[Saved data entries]
--- START ---

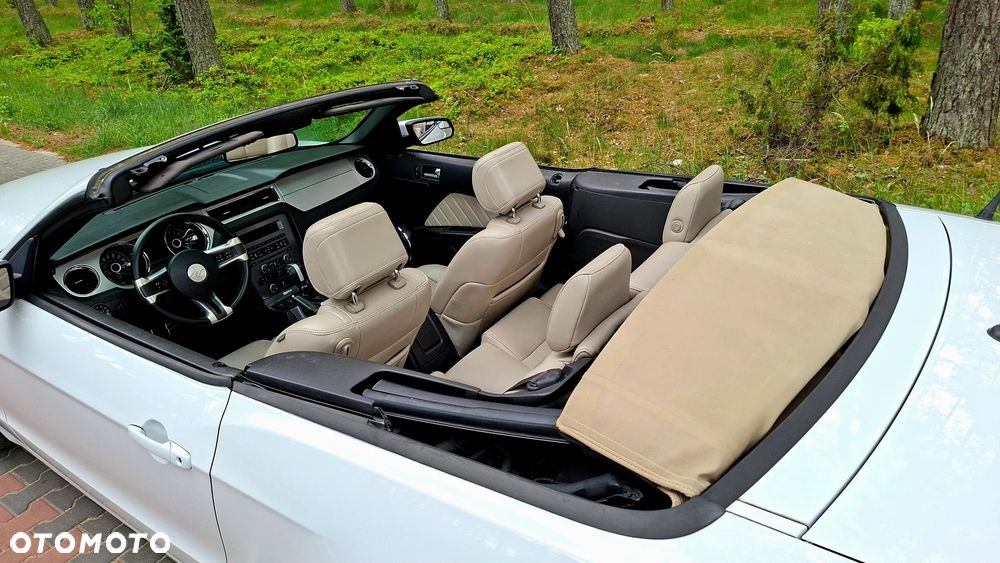 Ford Mustang 3.7 V6 Premium - 36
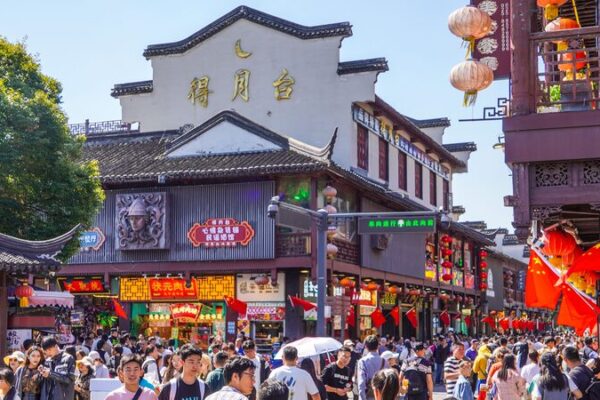 China’s Golden Week Sparks Record-Breaking Travel and Spending 🚀 China_s_Golden_Week_Sparks_Record_Breaking_Travel_and_Spending__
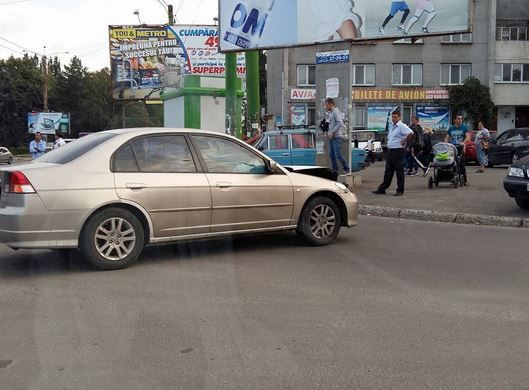 Accident pe bulevardul Decebal din capitală: Două automobile au fost grav avariate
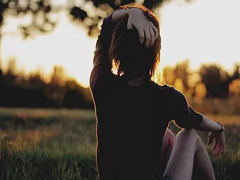 2018經(jīng)典語錄愛情傷感長的 與愛情有關(guān)的傷感經(jīng)典語錄痛到心碎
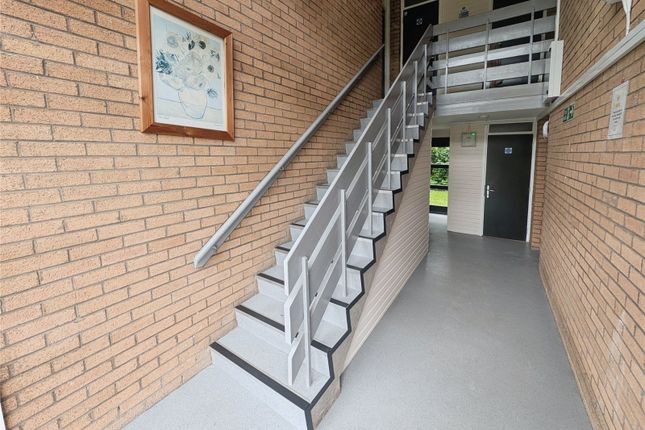 16, Wilton Court, Manchester photo 2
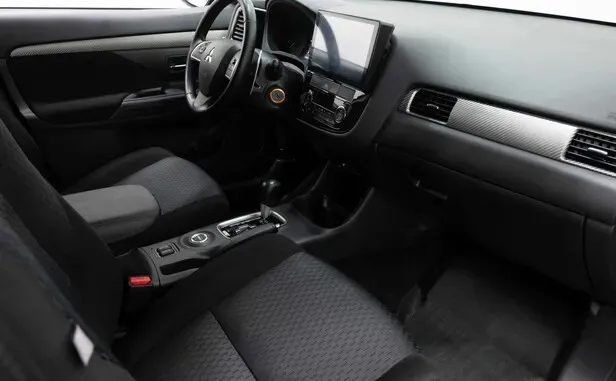 Mitsubishi Outlander, III Рестайлинг — фото 16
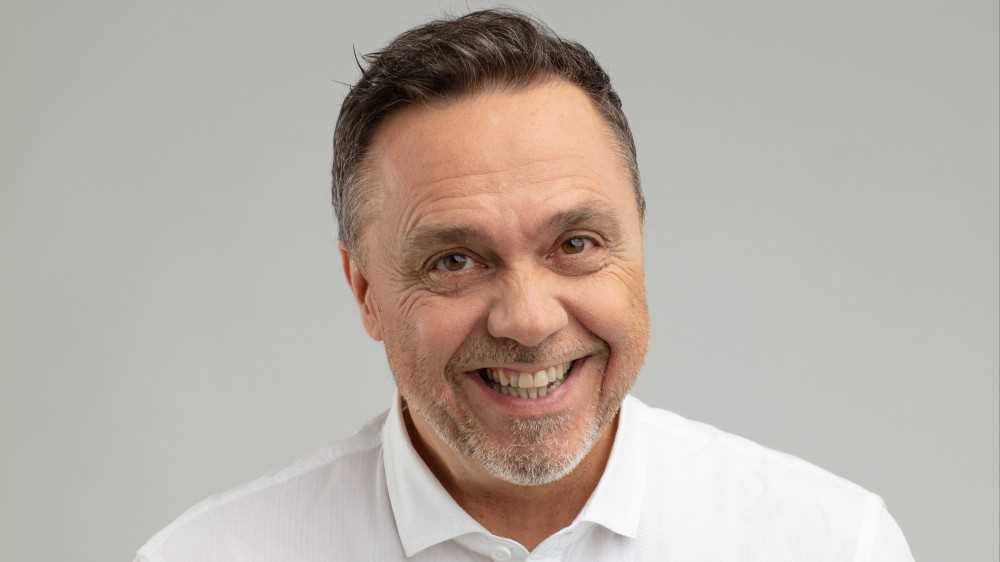 Gabriele Cirilli in diretta a RTL 102.5: “Il mio tormentone estivo celebra il ritorno alla normalità, alla voglia di divertirsi"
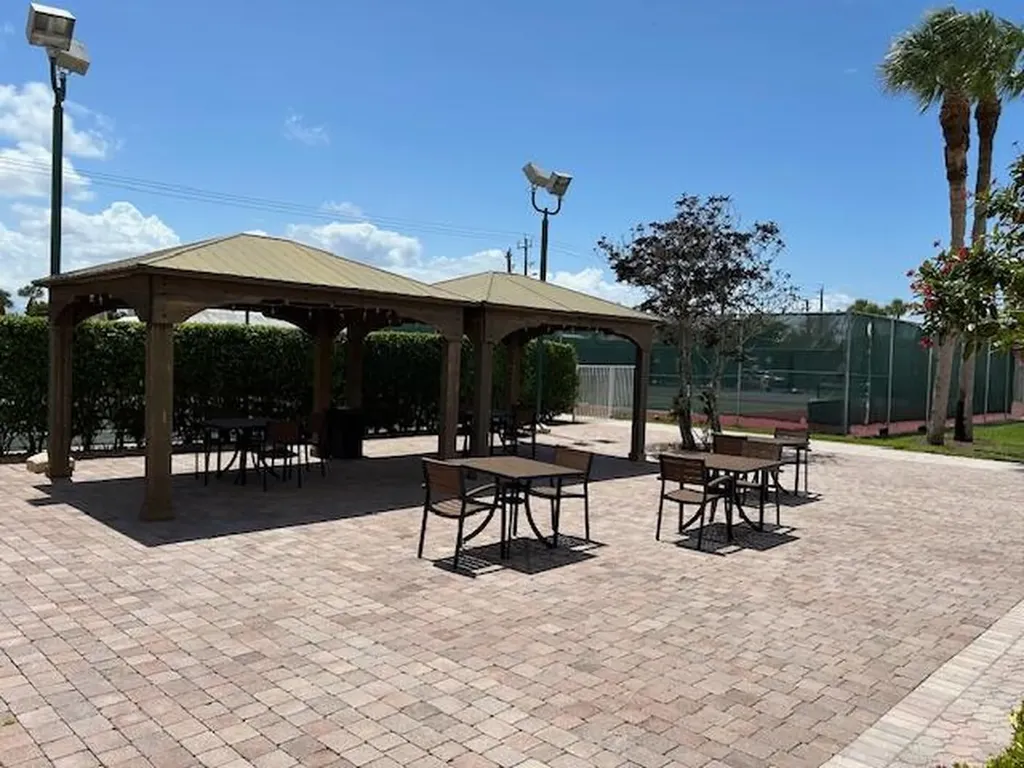 221 Lake Meryl Drive West Palm Beach FL 33411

--- END ---

**WHAT IS BEING ASKED:** All entries should be given again exactly, except that pictures are to be excluded.

**EXPECTED ANSWER:**
 Ford Mustang 3.7 V6 Premium - 36
 China’s Golden Week Sparks Record-Breaking Travel and Spending 🚀 China_s_Golden_Week_Sparks_Record_Breaking_Travel_and_Spending__
 Accident pe bulevardul Decebal din capitală: Două automobile au fost grav avariate
 2018經(jīng)典語錄愛情傷感長的 與愛情有關(guān)的傷感經(jīng)典語錄痛到心碎
 16, Wilton Court, Manchester photo 2
 Mitsubishi Outlander, III Рестайлинг — фото 16
 Gabriele Cirilli in diretta a RTL 102.5: “Il mio tormentone estivo celebra il ritorno alla normalità, alla voglia di divertirsi"
 221 Lake Meryl Drive West Palm Beach FL 33411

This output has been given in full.